No animal studies have been conducted to evaluate the genotoxic and carcinogenic potential of eculizumab.

Sodium dihydrogen phosphate monohydrate

Disodium hydrogen phosphate heptahydrate

Trehalose dihydrate

Polysorbate 80 (E 433)

Water for injections

This medicinal product must not be mixed with other medicinal products except those mentioned in section 6.6.

Before dilution

3 years at 2 ° C – 8 ° C.

Epysqli may be stored at temperature up to a maximum of 30 ° C for a single period of up to 2 months, but not exceeding the original expiry date. At the end of this period the product can be put back in the refrigerator.

After dilution

Chemical and physical in-use stability of the diluted solution has been demonstrated for each diluent as following:

• Sodium chloride 9 mg/ml (0.9 %) solution for injection, sodium chloride 4.5 mg/ml (0.45 %) solution for injection as diluent: 3 months at 2 ° C to 8 ° C followed by up to 72 hours at room temperature (up to 30° C)

• 5 % glucose in water as diluent: 24 hours at 2 ° C to 8 ° C and at room temperature (up to 30 ° C) after removal from refrigeration

From a microbiological point of view, the infusion solution should be administered immediately. If not used immediately, in-use storage times and conditions prior to use are the responsibility of the user and would normally not be longer than 24 hours at 2 ° C – 8 ° C, unless dilution has taken place in controlled and validated aseptic conditions.

Store in a refrigerator (2 ° C – 8 ° C).

Do not freeze.

Store in the original package in order to protect from light.

For storage conditions up to 30 ° C before dilution of the medicinal product, see section 6.3.

For storage conditions after dilution of the medicinal product, see section 6.3.

30 ml of concentrate in a vial (Type I glass) with a stopper (coated chlorinated butyl rubber), and a seal (aluminium) with flip-off cap (polypropylene).

Pack size of one vial.

Prior to administration, Epysqli solution should be visually inspected for particulate matter and discolouration. Do not use if there is evidence of particulate matter or discolouration.

Instructions:

Reconstitution and dilution should be performed in accordance with good practices rules, particularly for the respect of asepsis.

Withdraw the total amount of Epysqli from the vial(s) using a sterile syringe.

Transfer the recommended dose to an infusion bag.

Dilute Epysqli to a final concentration of 5 mg/ml by addition to the infusion bag using sodium chloride 9 mg/ml (0.9 %) solution for injection, sodium chloride 4.5 mg/ml (0.45 %) solution for injection, or 5 % glucose in water, as the diluent.

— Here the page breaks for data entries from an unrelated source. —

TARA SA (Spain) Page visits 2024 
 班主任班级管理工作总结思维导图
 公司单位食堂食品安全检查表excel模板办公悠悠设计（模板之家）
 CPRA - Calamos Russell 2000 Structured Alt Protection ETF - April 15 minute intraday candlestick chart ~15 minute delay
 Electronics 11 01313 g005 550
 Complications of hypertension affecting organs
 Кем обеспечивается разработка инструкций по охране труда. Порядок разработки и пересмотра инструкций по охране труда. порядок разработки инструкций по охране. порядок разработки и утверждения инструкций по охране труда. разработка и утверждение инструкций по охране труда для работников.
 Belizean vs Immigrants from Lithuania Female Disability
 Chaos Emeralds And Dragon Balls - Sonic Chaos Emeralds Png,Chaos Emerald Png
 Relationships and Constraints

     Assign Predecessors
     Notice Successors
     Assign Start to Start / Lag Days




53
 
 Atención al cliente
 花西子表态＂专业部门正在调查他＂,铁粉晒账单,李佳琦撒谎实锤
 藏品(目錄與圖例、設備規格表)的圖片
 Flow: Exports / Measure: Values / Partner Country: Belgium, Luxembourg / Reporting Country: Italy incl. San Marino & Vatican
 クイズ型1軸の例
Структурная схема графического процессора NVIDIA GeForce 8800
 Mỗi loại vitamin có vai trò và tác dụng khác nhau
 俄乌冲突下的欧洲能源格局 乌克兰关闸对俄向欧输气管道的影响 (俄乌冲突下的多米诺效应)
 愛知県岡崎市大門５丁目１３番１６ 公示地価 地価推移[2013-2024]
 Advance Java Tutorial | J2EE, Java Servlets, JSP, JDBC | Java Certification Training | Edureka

The final volume of a 5 mg/ml diluted solution is 60 ml for 300 mg doses, 120 ml for 600 mg doses and 180 ml for 900 mg doses. The solution should be clear and colourless.

Gently agitate the infusion bag containing the diluted solution to ensure thorough mixing of the product and diluent.

The diluted solution should be allowed to warm to room temperature (up to 30 ° C) prior to administration by exposure to ambient air.

Discard any unused portion left in a vial, as the product contains no preservatives.

Any unused medicinal product or waste material should be disposed of in accordance with local requirements.